- _BRIEF_: Every line containing the word "Photo" is to be copied from the data below.

Records contained in a dataset:
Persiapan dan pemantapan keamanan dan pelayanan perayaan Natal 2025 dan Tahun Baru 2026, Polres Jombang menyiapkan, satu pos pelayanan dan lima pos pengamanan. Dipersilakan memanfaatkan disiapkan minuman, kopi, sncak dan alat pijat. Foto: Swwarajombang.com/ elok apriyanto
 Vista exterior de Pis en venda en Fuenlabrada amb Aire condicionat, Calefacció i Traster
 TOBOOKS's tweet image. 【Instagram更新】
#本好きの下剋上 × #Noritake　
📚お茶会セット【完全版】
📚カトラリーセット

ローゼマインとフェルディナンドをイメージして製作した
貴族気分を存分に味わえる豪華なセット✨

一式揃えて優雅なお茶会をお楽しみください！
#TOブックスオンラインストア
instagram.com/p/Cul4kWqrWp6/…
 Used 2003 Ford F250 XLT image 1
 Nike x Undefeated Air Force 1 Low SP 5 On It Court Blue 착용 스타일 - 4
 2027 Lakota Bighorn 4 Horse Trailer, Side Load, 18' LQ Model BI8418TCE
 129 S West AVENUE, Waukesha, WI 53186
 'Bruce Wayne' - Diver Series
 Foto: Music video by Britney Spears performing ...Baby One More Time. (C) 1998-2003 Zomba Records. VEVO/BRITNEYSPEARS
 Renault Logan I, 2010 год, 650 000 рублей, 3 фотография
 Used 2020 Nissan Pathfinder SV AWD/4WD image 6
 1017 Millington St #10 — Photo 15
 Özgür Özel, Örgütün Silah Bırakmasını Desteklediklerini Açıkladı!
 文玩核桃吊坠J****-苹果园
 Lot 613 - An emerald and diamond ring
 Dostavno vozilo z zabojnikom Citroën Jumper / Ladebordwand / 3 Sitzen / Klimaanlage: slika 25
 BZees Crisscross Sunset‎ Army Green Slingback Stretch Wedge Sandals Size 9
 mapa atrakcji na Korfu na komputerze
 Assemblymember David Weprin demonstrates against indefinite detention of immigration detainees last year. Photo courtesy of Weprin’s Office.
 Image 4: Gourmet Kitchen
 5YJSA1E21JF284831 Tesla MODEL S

- _WRITTEN ANSWER_:
 1017 Millington St #10 — Photo 15
 Assemblymember David Weprin demonstrates against indefinite detention of immigration detainees last year. Photo courtesy of Weprin’s Office.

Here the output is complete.